Outlined below are the definitions published by NAHIT. These healthcare IT definitions were published in the report entitled Defining Key Health Information Technology Terms (PDF).
- Electronic Medical Record: An electronic record of health-related information on an individual that can be created, gathered, managed, and consulted by authorized clinicians and staff within one healthcare organization.
- Electronic Health Record: An electronic record of health-related information on an individual that conforms to nationally recognized interoperability standards and that can be created, managed, and consulted by authorized clinicians and staff across more than one healthcare organization.
- Personal Health Record: An electronic record of health-related information on an individual that conforms to nationally recognized interoperability standards and that can be drawn from multiple sources while being managed, shared, and controlled by the individual.
- Health Information Exchange: The electronic movement of health-related information among organizations according to nationally recognized standards.

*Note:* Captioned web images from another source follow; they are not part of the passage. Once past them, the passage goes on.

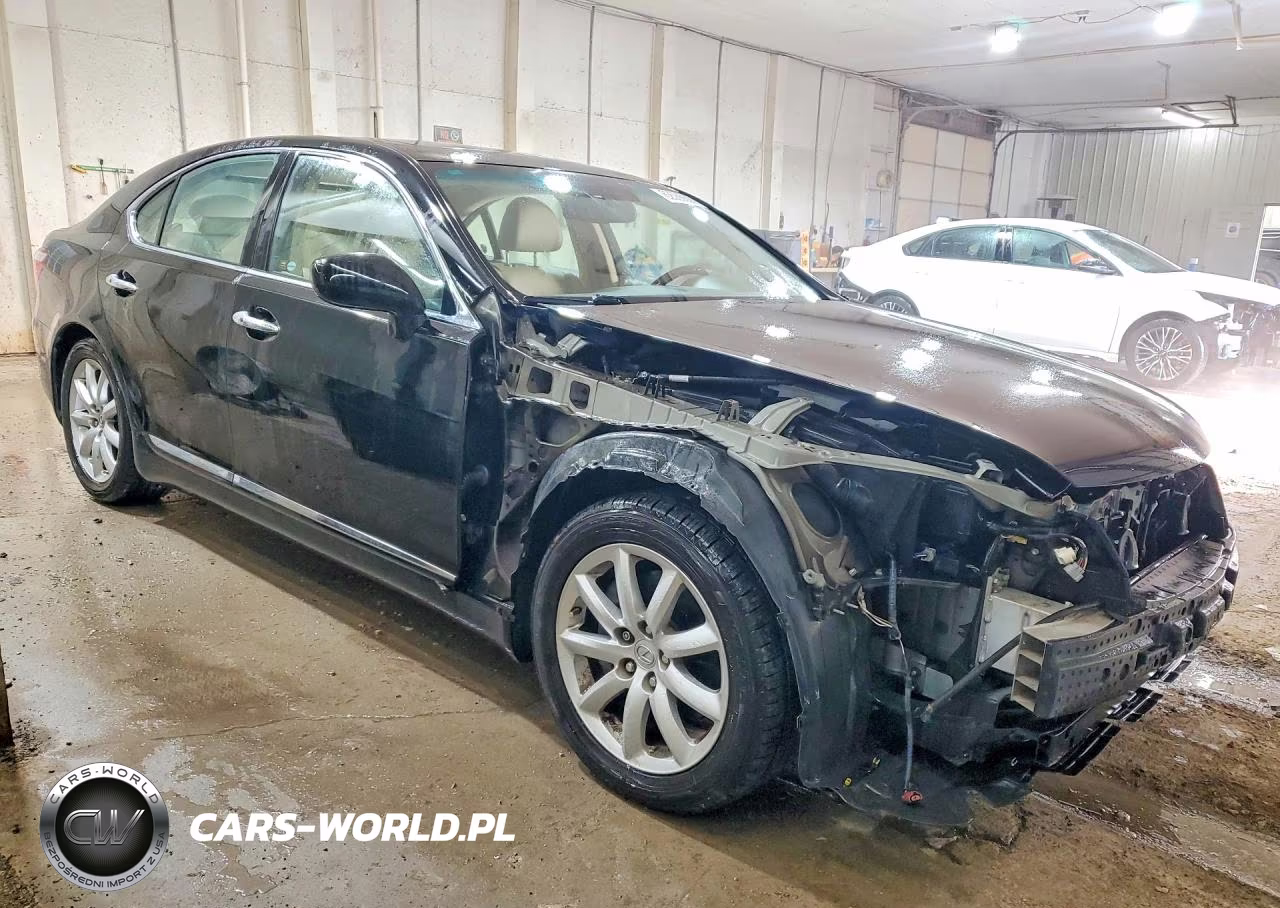 2008 Lexus Ls 460 VIN:JTHBL46F685066858 - 4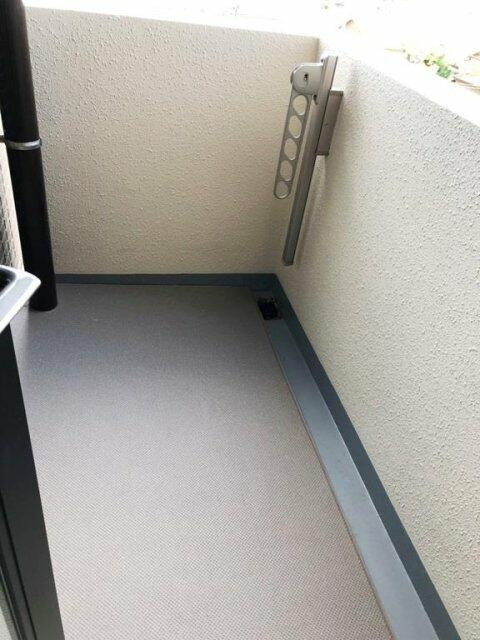 イニシア高砂のバルコニー
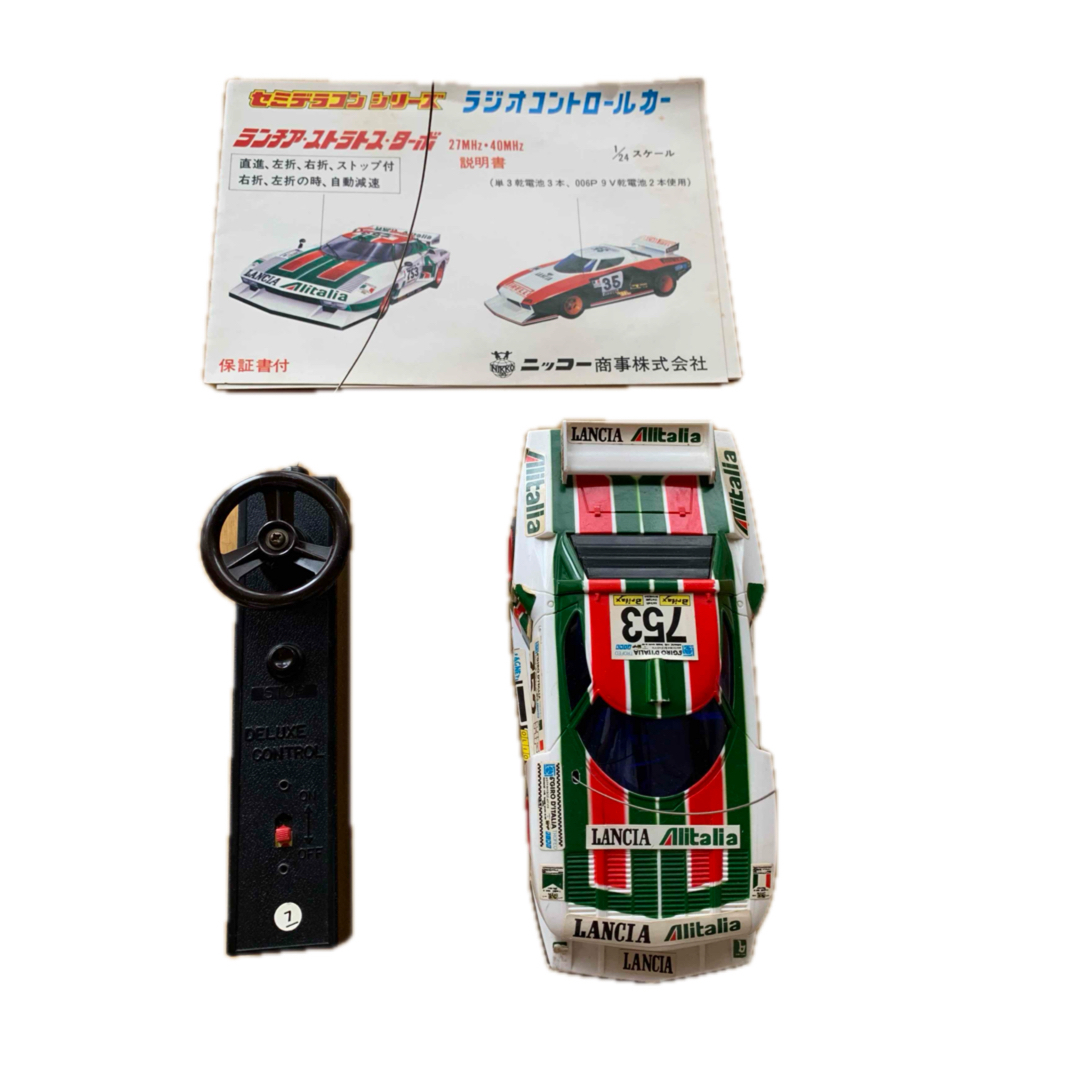 NIKKO - ニッコー ラジコン ランチャ•ストラトス•ターボの通販 NIKKO - ニッコー ラジコン ランチャ•ストラトス•ターボの通販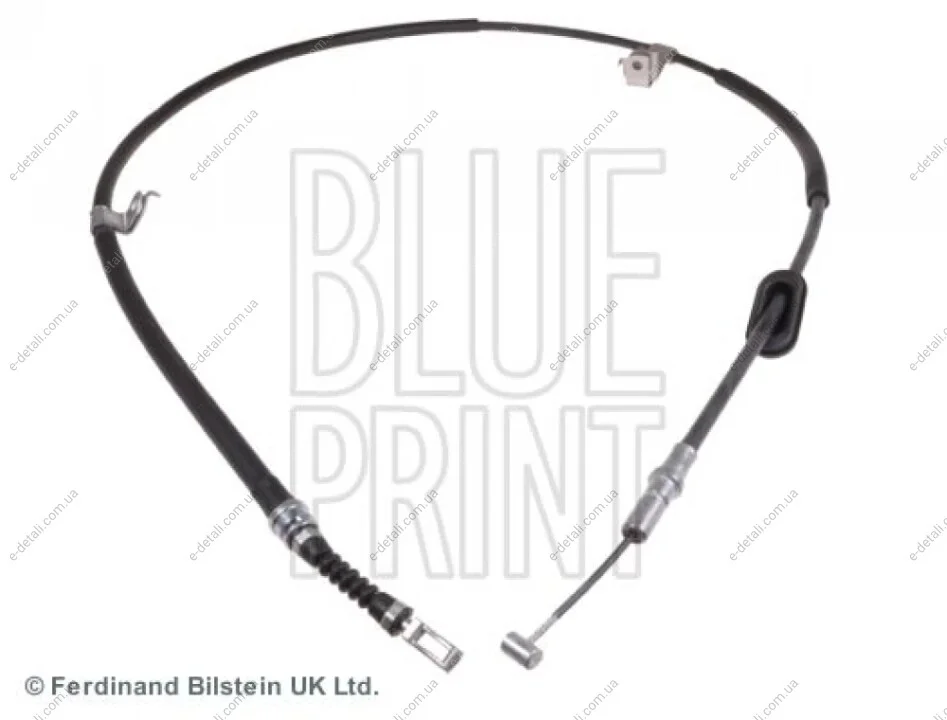 Трос тормозной задний левый Honda Accord VII (выр-во Blue Print) BLUE PRINT ADH246157 (фото 1)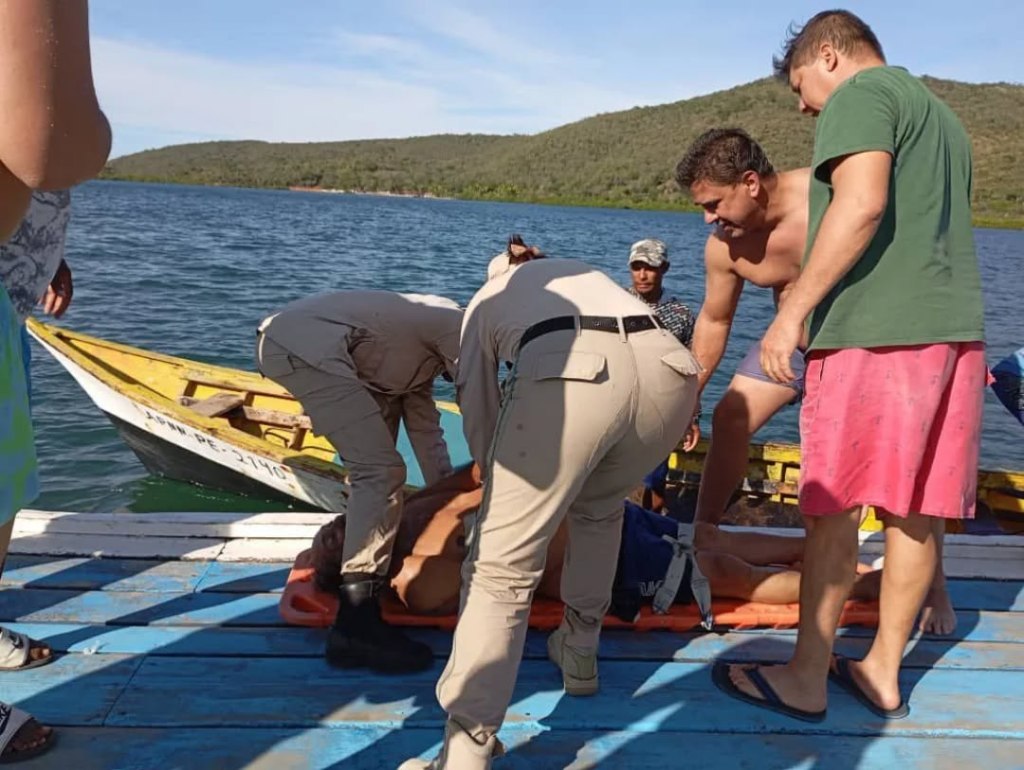 Sexagenario fallece mientras disfrutaba un día en familia en&nbsp;Mochima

- Health Information Organization: An organization that oversees and governs the exchange of health-related information among organizations according to nationally recognized standards.
- Regional Health Information Organization: A health information organization that brings together health care stakeholders within a defined geographic area and governs health information exchange among them for the purpose of improving health and care in that community.
The greatest understatement in the report is: “Interoperability is the common thread running through health IT terms. Interoperability is the essential factor in building the infrastructure to create, transmit, store and manage health-related information.”
For more definitions, check out our healthcare interoperability glossary.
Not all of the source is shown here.